Stavudine (Zerit) may offer clinicians a new alternative for treatment of adults with advanced HIV infection.
Approved for marketing in June 1994, this nucleoside analogue is indicated for the treatment of patients who are intolerant to approved therapies for HIV infection, as well as for those who have experienced significant clinical or immunologic deterioration while receiving these therapies, or who have contraindications to their use.
“Clinical trial experience with stavudine indicates that it is an effective antiretroviral drug. It also appears to have some characteristics that may distinguish it from zidovudine, didanosine, and zalcitabine, although clearly more study is needed in an expanded patient population before any conclusive statements about relative safety and efficacy can be made,” commented Richard Pollard, MD, professor of internal medicine and microbiology, University of Texas Medical Branch at Galveston.
More than 800 patients are enrolled in an ongoing, phase III, multicenter, randomized, double-blind trial comparing stavudine and continued zidovudine in HIV-infected adults. These patients were able to tolerate zidovudine for at least 24 weeks prior to this treatment study. They also were required to have CD4 cell counts between 50 and 500 cells/mm3.

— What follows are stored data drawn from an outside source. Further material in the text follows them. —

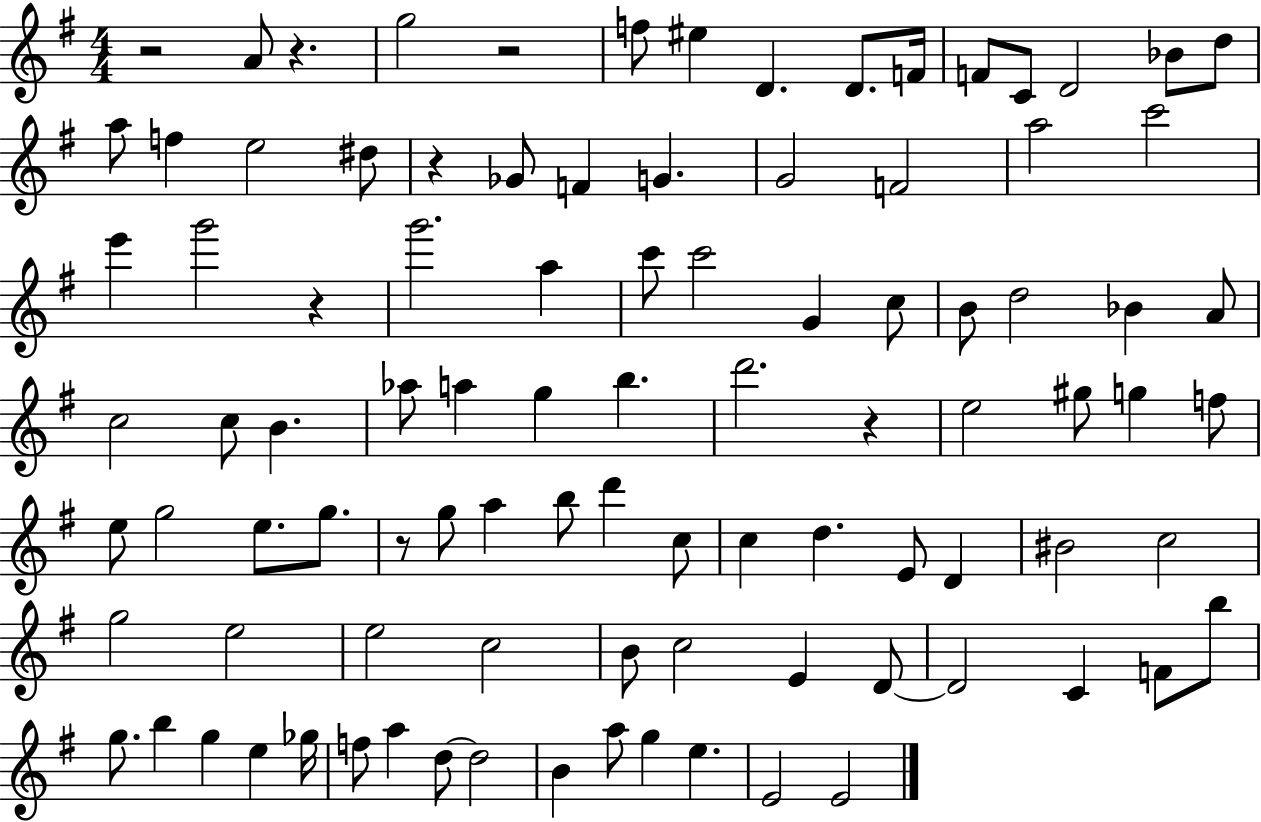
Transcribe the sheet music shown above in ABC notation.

X:1
T:Untitled
M:4/4
L:1/4
K:G
z2 A/2 z g2 z2 f/2 ^e D D/2 F/4 F/2 C/2 D2 _B/2 d/2 a/2 f e2 ^d/2 z _G/2 F G G2 F2 a2 c'2 e' g'2 z g'2 a c'/2 c'2 G c/2 B/2 d2 _B A/2 c2 c/2 B _a/2 a g b d'2 z e2 ^g/2 g f/2 e/2 g2 e/2 g/2 z/2 g/2 a b/2 d' c/2 c d E/2 D ^B2 c2 g2 e2 e2 c2 B/2 c2 E D/2 D2 C F/2 b/2 g/2 b g e _g/4 f/2 a d/2 d2 B a/2 g e E2 E2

An interim analysis using the surrogate endpoint CD4 cell count was performed on data from 359 patients who had taken study medication for 12 weeks. The mean CD4 cell count among patients in the stavudine group increased 22 CD4 cells/mm3, while a decrease of 22 CD4 cells/mm3 was observed in the patients taking zidovudine. This blinded study is continuing, and complete evaluation of the data, including analysis of the incidences of opportunistic infections and death, is planned for December 1994.
“These results are very encouraging. While we have no head-to-head comparisons between stavudine and the other alternatives to zidovudine, the CD4 cell responses in stavudine-treated patients seem to be maintained for longer than those that have occurred when these other agents were introduced for treatment of advanced HIV infection, particularly in the early studies with didanosine,” noted Dr. Pollard.
Early experience with stavudine also suggests that the development of HIV-resistance may be less of a problem with this new agent compared with other antiretroviral drugs. “We must be very careful about drawing any conclusions at this point because stavudine hasn’t been used as long as zidovudine and the other agents. While resistance will no doubt increase as stavudine is used more widely, preliminary clinical findings and in vitro studies suggest that resistance may take longer to develop with stavudine use and may be of a lower level compared with the other antiretroviral drugs,” noted Dr. Pollard.
Prior to marketing, stavudine was used in a large number of HIV-infected patients as part of the Stavudine Parallel Track Program. During 20 months beginning October 1992, this study enrolled over 13,000 patients with CD4 cell counts below 300/mm3 who had not responded, were intolerant of, or had contraindications to therapy with zidovudine and didanosine. Patients were divided into three categories according to their weight and then randomized within each weight category to receive one of two different dosage regimens. Stavudine was provided to patients free of charge.
“The question often arises: ‘Why another nucleoside analogue?’ Looking at the high enrollment in the parallel track experience suggests that there are a lot of patients who need another therapeutic alternative and that there is definitely a role for an additional drug of this kind,” said Dr. Pollard.
Other studies evaluating the use of stavudine in patients with earlier HIV infection are expected to be underway soon. Two such studies will investigate stavudine in patients with CD4 cell counts of 300 to 600 cells/mm3 who have either no experience with antiretroviral treatment or have taken zidovudine for only a short duration. These studies will explore combinations of zidovudine and stavudine at currently recommended dosages.
Another study has been started to evaluate combined treatment with stavudine and didanosine.
The major clinical toxicity of stavudine has been peripheral neuropathy. In this respect it is similar to didanosine and zalcitabine. However, stavudine has not been associated with the hematologic toxicity that occurs with zidovudine, noted Dr. Pollard.
Self-limiting Side Effects
Peripheral neuropathy, characterized by numbness, tingling, or pain in the feet or hands, has occurred in 15 to 21% of patients who received stavudine in clinical trials. This side effect has generally been self-limiting if the treatment is withdrawn promptly. Therefore, patients should be cautioned to look for its potential signs. Stavudine can be reinitiated at a reduced dose of 20 mg bid if the symptoms resolve completely.
Due to its long intracellular half-life, stavudine is given only twice daily. Dr. Pollard pointed out that the stavudine dosage regimen makes it easier for patients to take than other drugs, which require either ingestion of more units per dose or more frequent administration.
Dr. Pollard is an investigator for clinical trials of stavudine funded by its manufacturer Bristol-Myers Squibb.